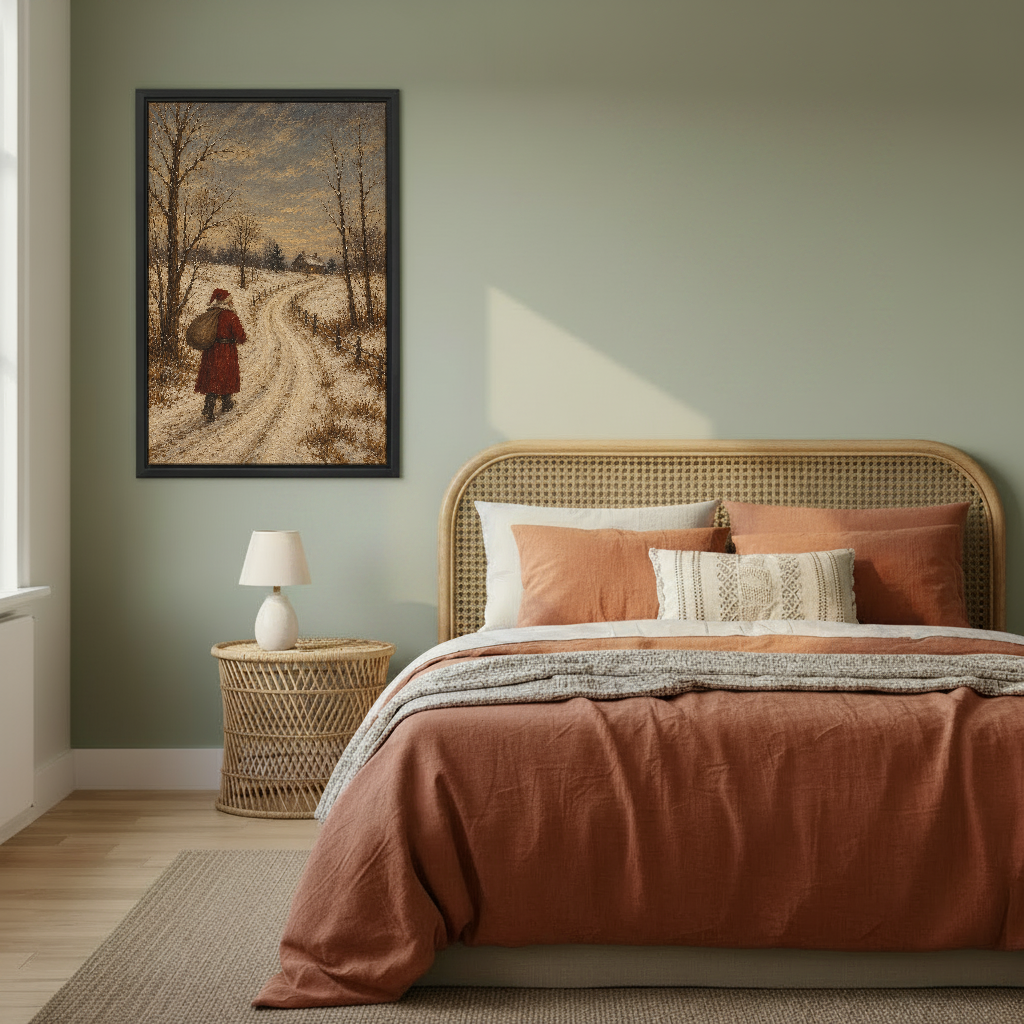 Santa Snowy Country Lane Canvas Wall Art framed above rust bedding against a muted olive wall.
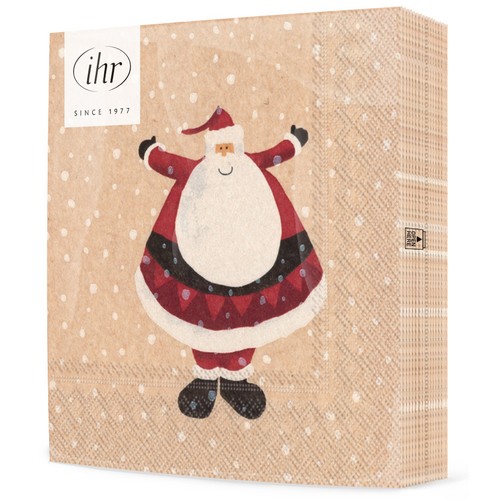 20 Servietten Recycling-Papier Nico - Santa im Schneefall 33x33cm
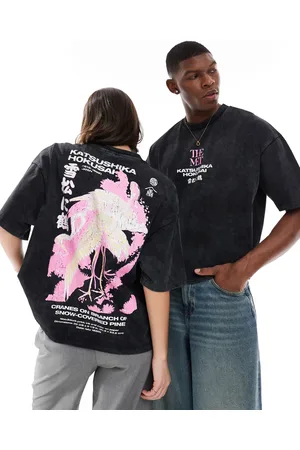 ASOS – , boxig, oversize t-shirt i unisex-modell med licenserade Hokusai Crane-tryck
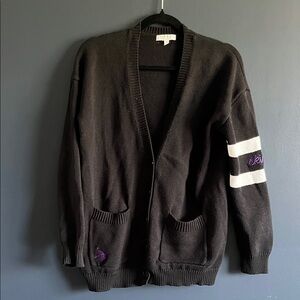 MN Vikings Collegiate Black Cardigan with Purple Accents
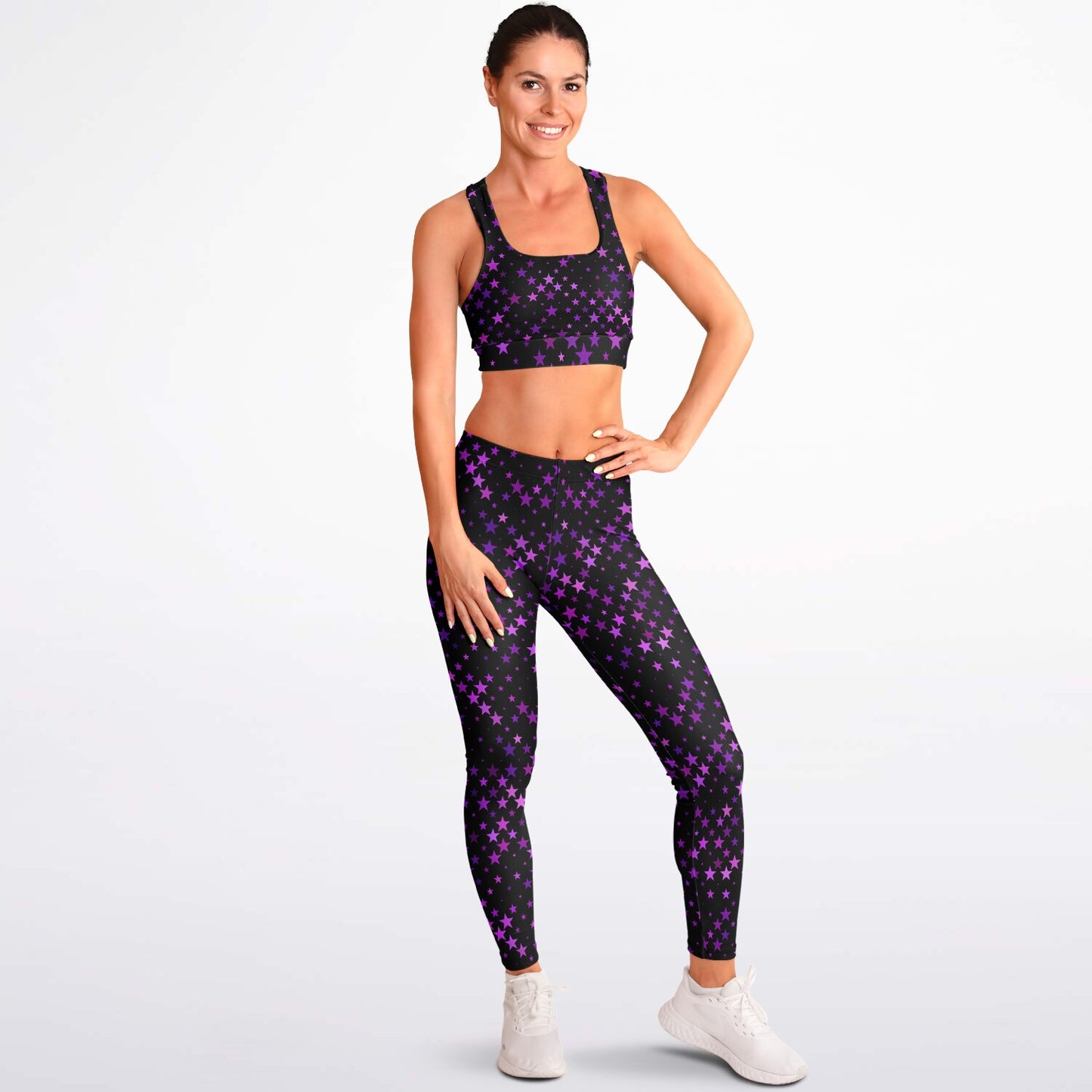 Purple Stars Padded Sports Bra & Leggings - AOP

§ **PROBLEM**:
Transcribe every record above exactly, leaving out the pictures.

§ **OUTPUT FOR THIS TASK**:
 Santa Snowy Country Lane Canvas Wall Art framed above rust bedding against a muted olive wall.
 20 Servietten Recycling-Papier Nico - Santa im Schneefall 33x33cm
 ASOS – , boxig, oversize t-shirt i unisex-modell med licenserade Hokusai Crane-tryck
 MN Vikings Collegiate Black Cardigan with Purple Accents
 Purple Stars Padded Sports Bra & Leggings - AOP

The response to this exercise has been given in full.